**DATA RECORDS**
══════════════════════════════

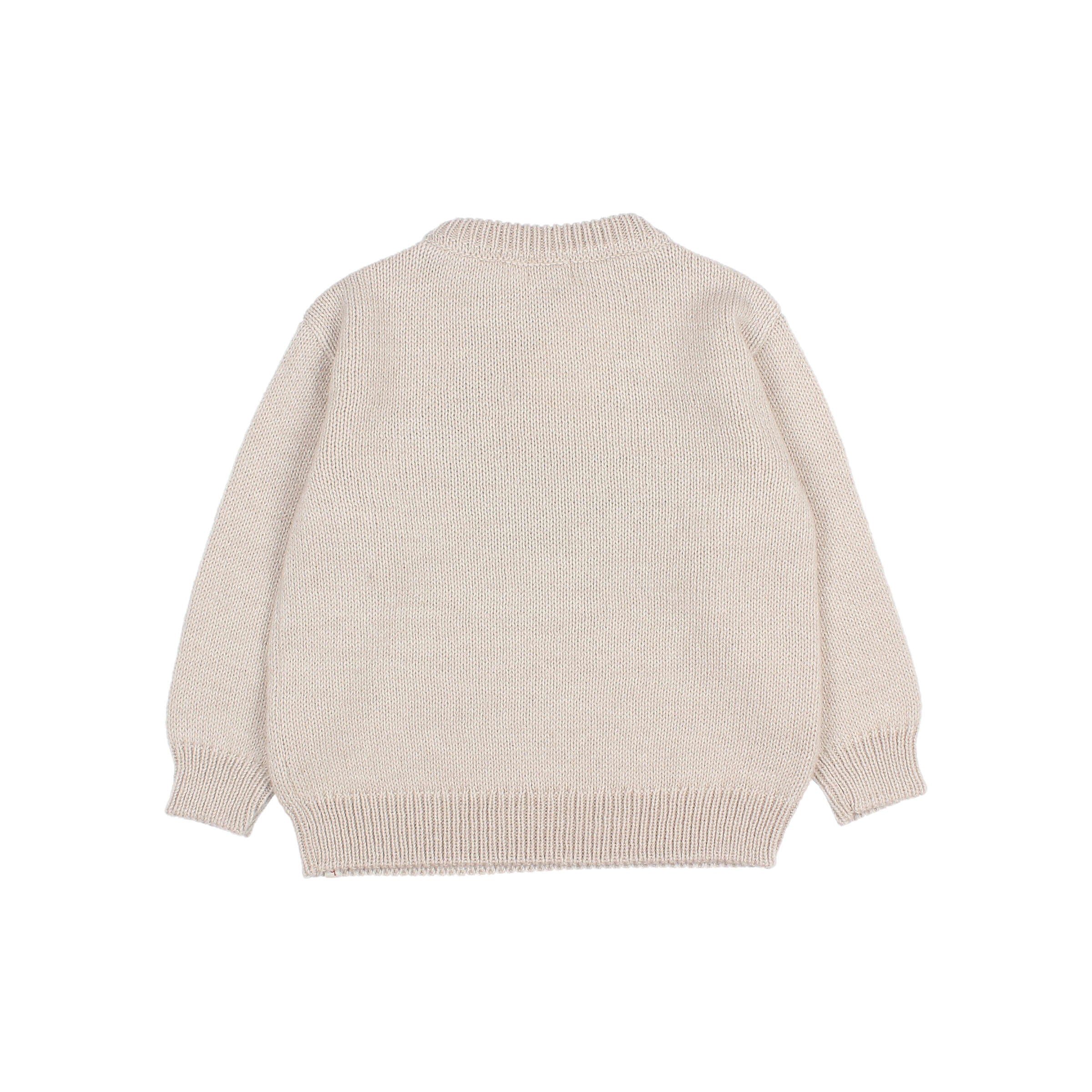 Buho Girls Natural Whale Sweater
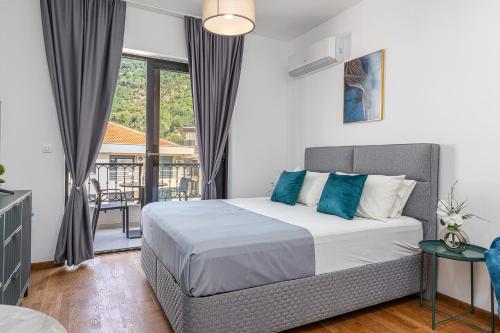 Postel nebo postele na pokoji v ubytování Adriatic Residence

══════════════════════════════

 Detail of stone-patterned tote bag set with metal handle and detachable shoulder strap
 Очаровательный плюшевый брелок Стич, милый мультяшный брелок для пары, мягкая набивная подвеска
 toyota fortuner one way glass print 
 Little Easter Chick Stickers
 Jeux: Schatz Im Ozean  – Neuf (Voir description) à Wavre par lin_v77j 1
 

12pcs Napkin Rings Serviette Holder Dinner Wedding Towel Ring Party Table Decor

══════════════════════════════

**YOUR ASSIGNMENT**
Return exactly the stretch above whose first line contains "Buho Girls Natural Whale Sweater" and whose last line contains "Postel nebo postele", and nothing outside it. The pictures should not appear.

**RESPONSE AREA**
 Buho Girls Natural Whale Sweater
 Postel nebo postele na pokoji v ubytování Adriatic Residence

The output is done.